MATERIAL PROVIDED -
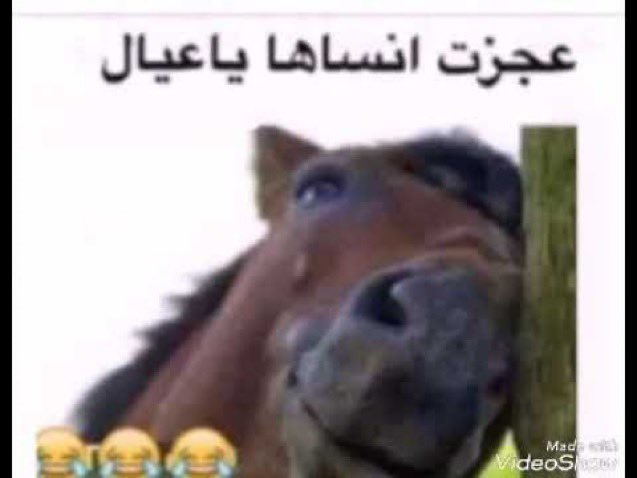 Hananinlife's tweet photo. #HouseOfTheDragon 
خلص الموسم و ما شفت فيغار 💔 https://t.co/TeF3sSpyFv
...
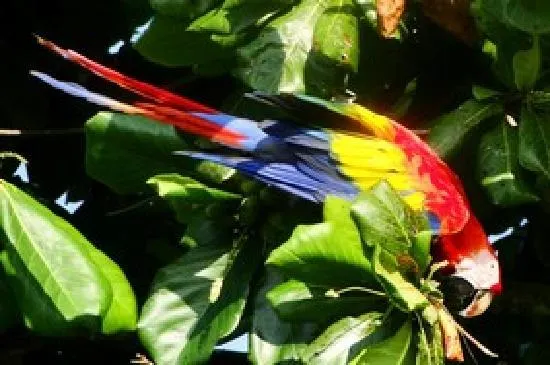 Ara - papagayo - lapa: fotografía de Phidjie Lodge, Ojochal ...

WHAT THE TASK ASKS -
Working from the entries above, please transcribe only the lines from the line with "Hananinlife's tweet photo." through the line with "خلص الموسم و", exactly, with both end lines and without pictures.

FINISHED EXERCISE -
 Hananinlife's tweet photo. #HouseOfTheDragon 
خلص الموسم و ما شفت فيغار 💔 https://t.co/TeF3sSpyFv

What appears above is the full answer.